- Task prompt -
When you reach the line containing "Teach Peace Unisex" in the entries below, begin reproducing lines exactly, and stop once the line containing "包含重庆金穗文化旅游开发股份债权资产的词条" is done.

- Data for analysis -
-=-=-=-=-

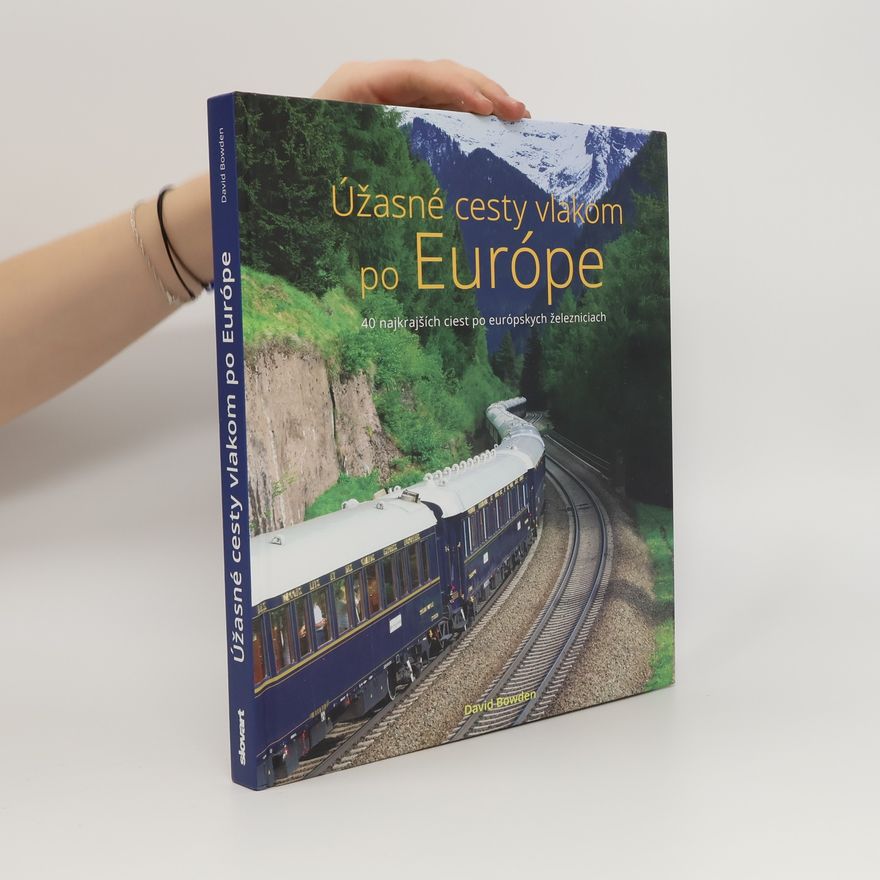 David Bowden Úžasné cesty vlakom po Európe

-=-=-=-=-

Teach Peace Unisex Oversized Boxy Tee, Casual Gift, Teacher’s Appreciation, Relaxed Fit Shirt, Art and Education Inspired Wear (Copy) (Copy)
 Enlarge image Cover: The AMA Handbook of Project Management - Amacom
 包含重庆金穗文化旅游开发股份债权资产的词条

-=-=-=-=-

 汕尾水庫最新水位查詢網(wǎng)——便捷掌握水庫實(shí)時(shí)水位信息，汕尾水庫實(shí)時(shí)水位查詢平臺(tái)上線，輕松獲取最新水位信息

-=-=-=-=-

- Reply -
Teach Peace Unisex Oversized Boxy Tee, Casual Gift, Teacher’s Appreciation, Relaxed Fit Shirt, Art and Education Inspired Wear (Copy) (Copy)
 Enlarge image Cover: The AMA Handbook of Project Management - Amacom
 包含重庆金穗文化旅游开发股份债权资产的词条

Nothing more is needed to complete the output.